If France is dominating – among European countries – weapon sales in Asia-Pacific, Germany is hardly standing there looking. In early August, the German industry manufacturer Rheinmetall AG launched a joint cooperation with Malaysia’s Etika Strategi and Turkey’s BMC to produce armored vehicles. The initiative is aimed at expanding the three defense industry manufacturers’ activities in Asia. In addition, TKMS has to deliver to the Singaporean navy two Type 218SG submarines by 2020, a purchase that will cost the Southeast Asian city-state $2.2 billion.
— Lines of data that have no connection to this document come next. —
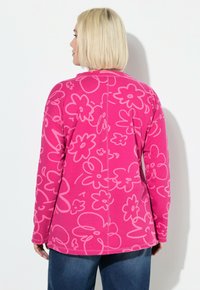 Różowa bluza z nadrukiem kwiatowym na całej powierzchni w jaśniejszym odcieniu różu. Długie rękawy i zaokrąglony dół. Miękki materiał z widocznymi detalami przeszyć.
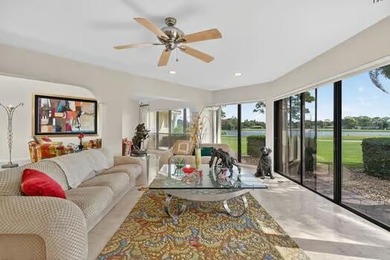 A spectaculate view awaits you as you enter this bright, airy on Eastpointe Country Club in Florida - for sale on GolfHomes.com, golf home, golf lot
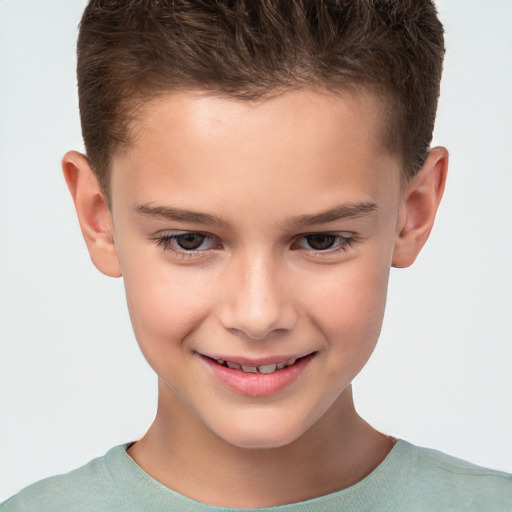 Joyful white child male with short  brown hair and brown eyes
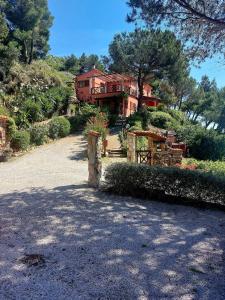 a large red house with a driveway in front of it at two-room apartment with parking space in Rio nellʼElba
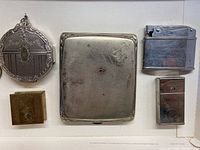 Overview of 4 metal containers and 2 lighters laid out on white surface, showing condition and details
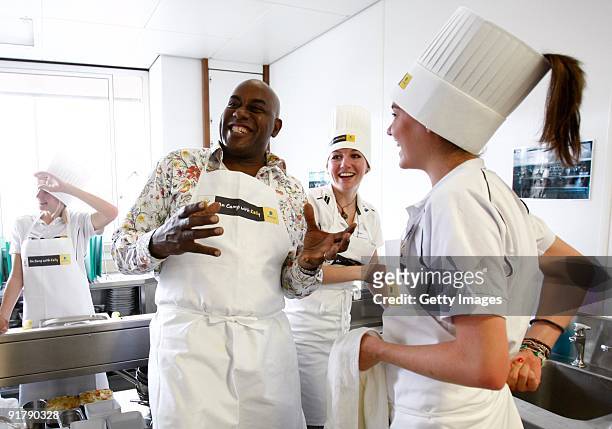 Chef Ainsley Harriott shares a joke with young athletes Jess Burns and Kate Avery in the kitchen during the Aviva On Camp with Kelly Cookery...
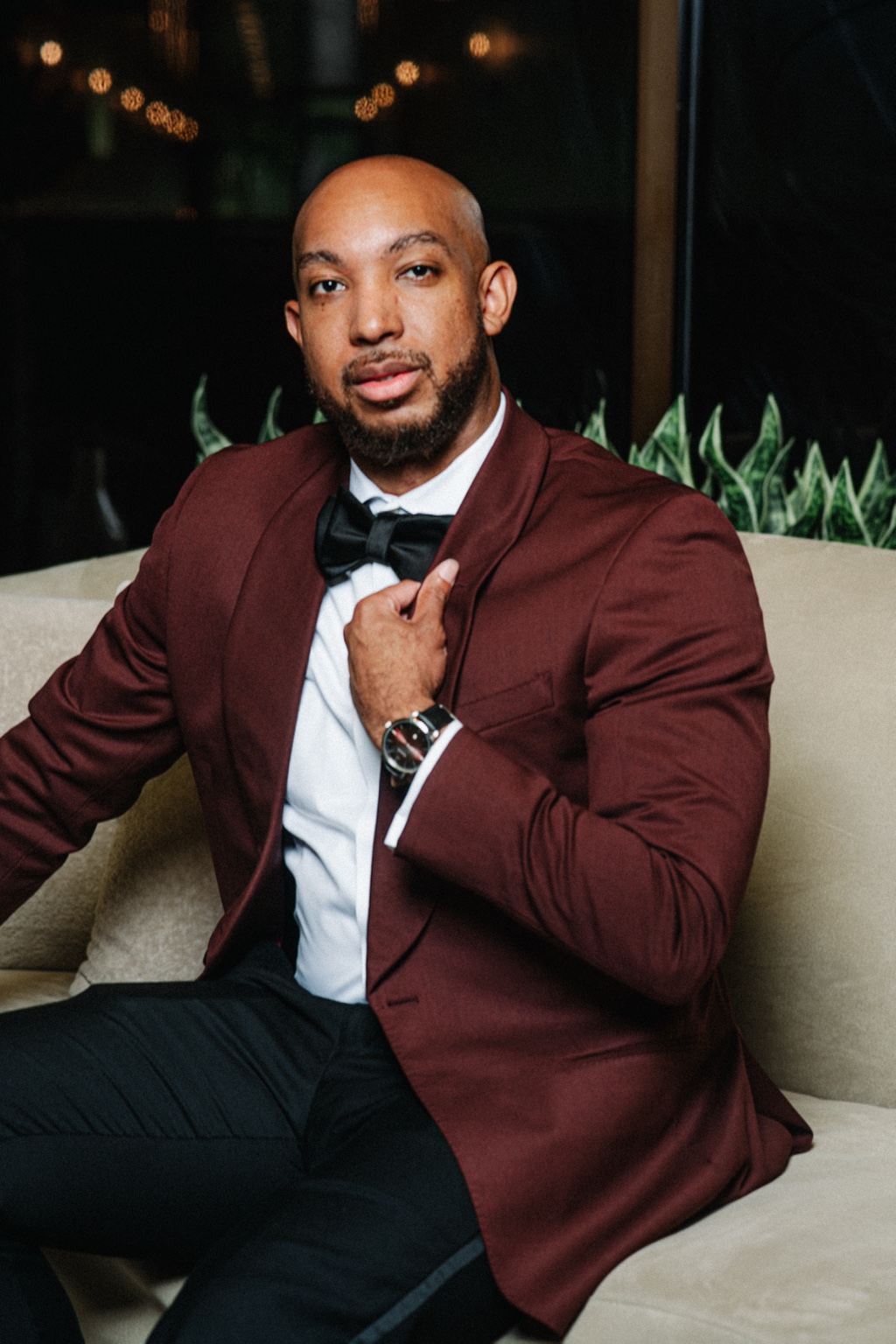 Portrait of Evan holding his lapel in a burgundy tuxedo at Laurel Manor.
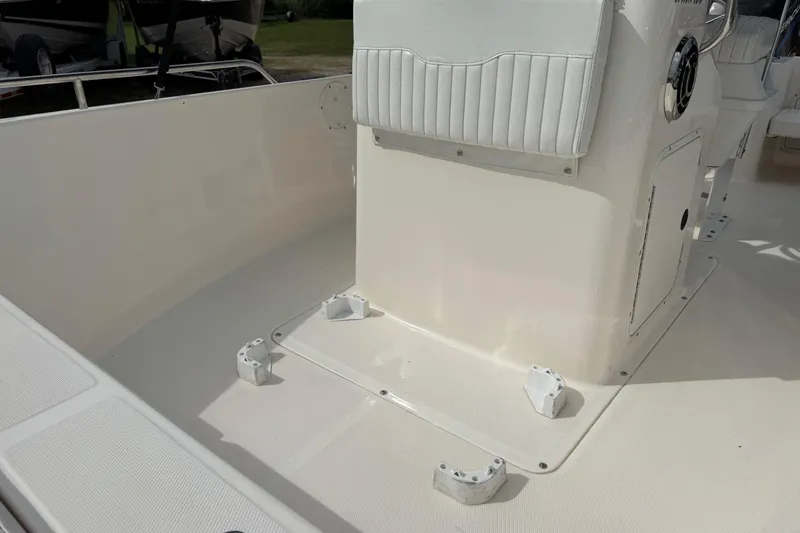 Slide: The Image of 2004 Sea Hunt Triton 186 boat interior with white seating and clean deck. - 13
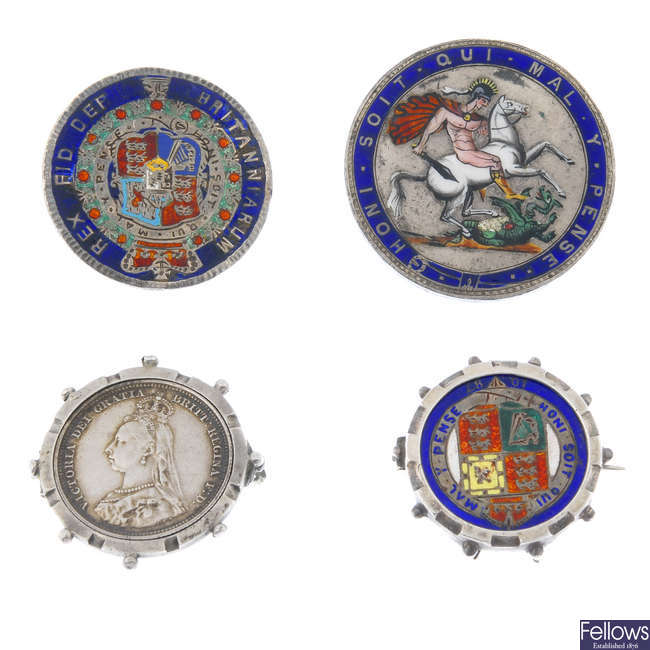 A selection of coin brooches.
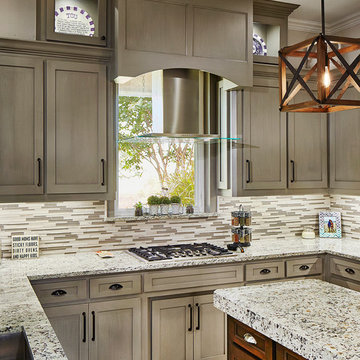 Kitchen downdraft cooktop is redesigned with an island hood.
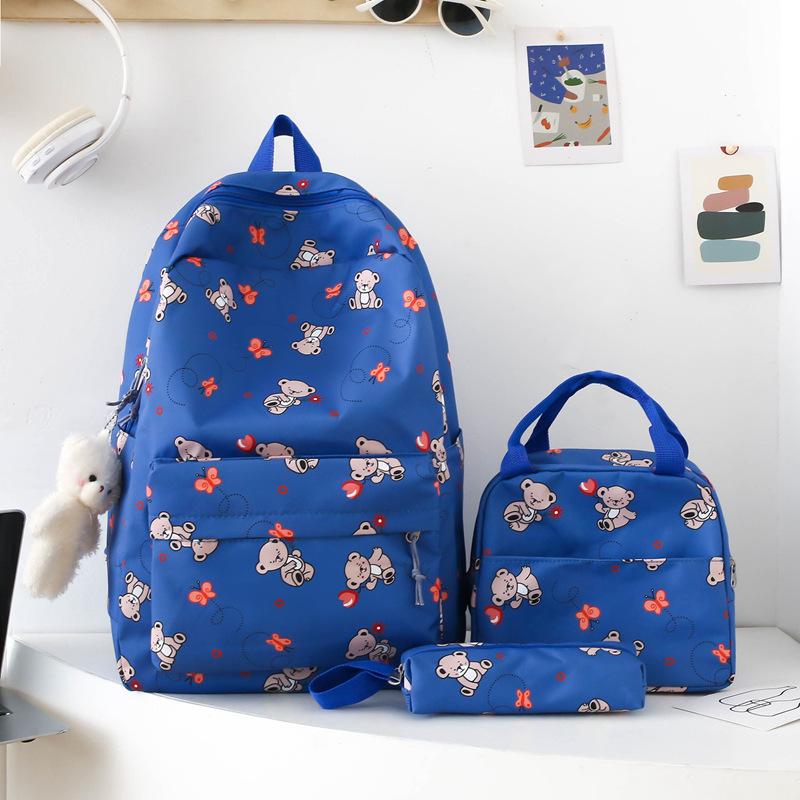 School bag new cute cartoon nylon backpack women's large-capacity middle and high school burden reduction wear-resistant school bag three-piece set
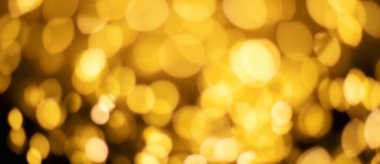 Christmas golden lights Background. Abstract twinkled bright bokeh defocused light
According to the Stockholm International Peace Research Institute (SIPRI), in the 2000-2015 stint France and Germany sold to Asian-Pacific nations defense items worth $9,681 billion and $7,166 billion respectively. The list continues with Britain ($4,736 billion), Sweden ($2,485 billion), Spain ($2,135 billion), Italy ($1,924 billion) and the Netherlands ($1,197 billion), only citing the most prominent European arm suppliers.

European countries systematically skirt the EU arms embargo on China, which Brussels imposed on Beijing in the wake of the crackdown of Tiananmen Square protests in 1989. China buys up components, dual-use goods and sub-systems designed and manufactured in Europe, seizing the relative technology.

In fact, if European countries cannot sell to China complete weapon systems, they can transfer part of them, in particular engines and electronic apparatuses for helicopters and naval propulsion, SIPRI reports.

American defense companies too manage to transfer indigenous components, spare parts and weapon systems to China although the US arms embargo on Beijing is far more binding than EU’s.

Business as usual

France and Germany, the most powerful EU member states, have the lion’s share in the European arms sales to Asian-Pacific countries.

France is the one EU nation with a credible Asian-Pacific military presence and the remnants of a colonial empire to defend; faced with a decade of stagnant economy, Paris has deliberately chosen to prop up its defense industry and is expected to become the world’s second-largest arms supplier – behind the US and ahead of Russia – in a couple of years.

Berlin usually tries to shy away from military conflicts, even when these rage in Europe’s neighborhood. However, it seems that German leaders lose their diplomacy-focused approach to international crises when it comes to profit from the Indo-Pacific geopolitical instability.

European arms export to Asian nations remains in large part “neutral”, as EU countries quietly place orders with both sides of a particular conflict. EU states in fact make no distinction between belligerent India and Pakistan, as well as between China and the nations that dispute Chinese claims over vast segments of the East China and South China seas.

Thus for the EU, it is (arms) business as usual in Asia, like for the US and Russia, even though the European integration has been built and developed on a “pacifist” platform after the Second World War’s tragedies. But this is yet another cruel irony of history.

Emanuele Scimia is a journalist and foreign policy analyst. He is a contributing writer to the South China Morning Post and the Jamestown Foundation’s Eurasia Daily Monitor. In the past, his articles have also appeared in The National Interest, Deutsche Welle, World Politics Review, The Jerusalem Post and the EUobserver, among others.